By @HugoLu88 - 7 months
I'm building something in the space (orchestra) so here's my take:

Folks making stuff open source and building in the open is obviously brilliant, but when it comes to "orchestrators" (as this is, and identifies) there is already so much that has been before (Airflow and so on) it's quite hard to see how this actually adds anything to the space other than another option nobody is ever going to use in a commercial setting.

Shameless plug: https://getorchestra.io

By @indiv0 - 7 months
Is this meaningfully different from Conductor (which they archived a while back)? Browsing through the code I see quite a few similarities. Plus the use of JSON as the workflow definition language.
By @iamsanteri - 7 months
So will this serve as a stand-in replacement for something like Airflow?
By @dboreham - 7 months
Interesting. My team recently built a thing for managing long running, multi-machine, restartable, cascading batch jobs in an unrelated vehicle. Had no idea it was a category.
By @gtrubetskoy - 7 months
The name Maestro has already been used for a workflow orchestrator which I worked on back in 2016. That maestro is SQL-centric and infers dependencies automatically by simply examining the SQL. It's written in Go and is BigQuery-specific (but could be easily adjusted to use any SQL-based system).

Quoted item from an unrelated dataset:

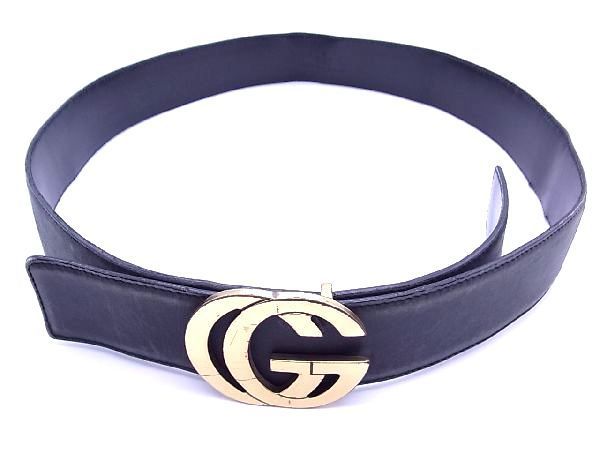 1円 GUCCI グッチ 74053・212956・85・34 レザー ゴールド金具 ベルト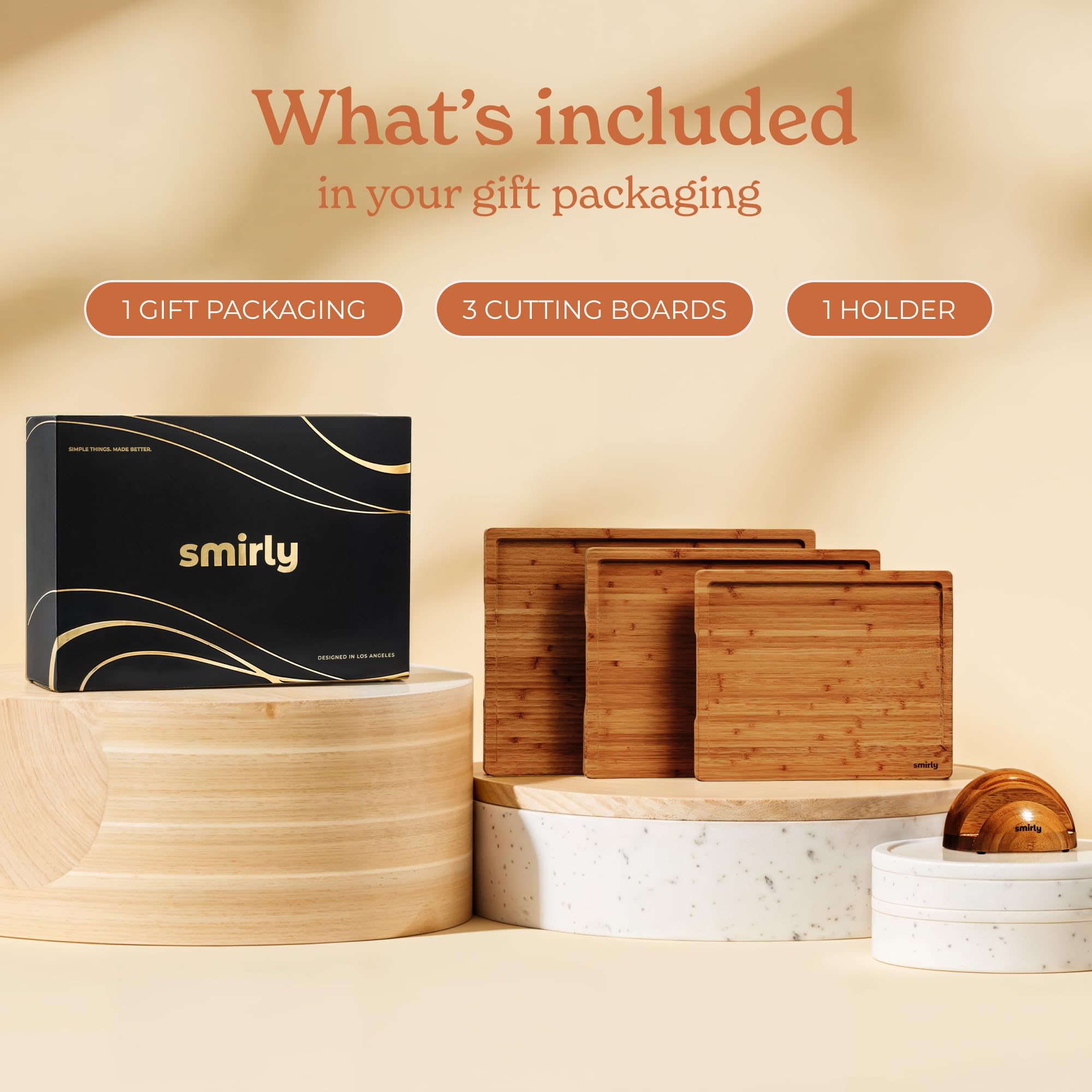 Smirly easy-clean bamboo boards resist nicks for long-lasting use.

https://github.com/voxmedia/maestro/

By @jekude - 7 months
Seems like they re-engineered Temporal: https://temporal.io/
By @willbeddow - 7 months
I'm sure this is very nice, but the article reads as if written by AI. The first thing I'd want to see is an example workflow (both code and configuration) in a realistic use case. Instead, there's a lot of "powerful and flexible" language, but the example workflow doesn't come until halfway down, and then it's just foobar
By @halamadrid - 7 months
Very nice, Netflix has a reputation of making great OSS products. I wonder where does this stand with Conductor.
By @tiffanyh - 7 months
Don't see many Java projects being posted on HN.
By @andbberger - 7 months
slightly off topic, but there is dire need for a scientific "workflow manager" built to FAANG engineering standards attuned for the needs of academia (ie primarily designed to facilitate execution of DAGs on clusters). The airflows of the world have complex unnecessary features and require extensive kitbashing to plug into slurm and the academic side of things is a huge mess. Snakemake comes the closest but suffers from massive feature creep, a bizarre specification DSL (superset of python) and blurred resource requirement abstraction boundaries.
By @oneplane - 7 months
Looks a bit like Argo Workflows combined with Argo Events. Makes sense to have so many projects and products converge around the same endstate.
By @antishatter - 7 months
Anyone have a recommendation for a workflow orchestrator for single server deployments? Looking at running a project at home and for certain pieces think it would be easiest to orchestrate with a tool like Maestro or Airflow but they’re basically set up to run in clusters with admins to manage them.
By @mianos - 7 months
Interesting how complete this is. It's almost as comprehensive as prefect.io

This is a critical software infrastructure I have been promoting for years yet almost everyone thinks they don't need it.

By @kabes - 7 months
It says one of the big differentiators with 'traditional workflow orchestrators' is that is supports cyclic graphs. But BPMN (and the orchestrators using it) also supports loops.
By @petromir - 6 months
So they abandoned https://github.com/Netflix/conductor to create Maestro
By @febed - 7 months
Dagster is a better alternative, because of its asset first philosophy. Task based workflows are still available if you really need it.
By @Sparkyte - 7 months
Whats the difference of this and enqueue work into a queue then waiting for a job to pick it up at a scheduled time? Not saying build a Kafka cluster to serve this but most cloud providers have queuing tools.
By @bjourne - 7 months
What is a workflow in this context?
By @monkychop - 7 months
Hooolaa
By @monkychop - 7 months
Eduardo
By @nikhilsimha - 7 months
great job on open sourcing!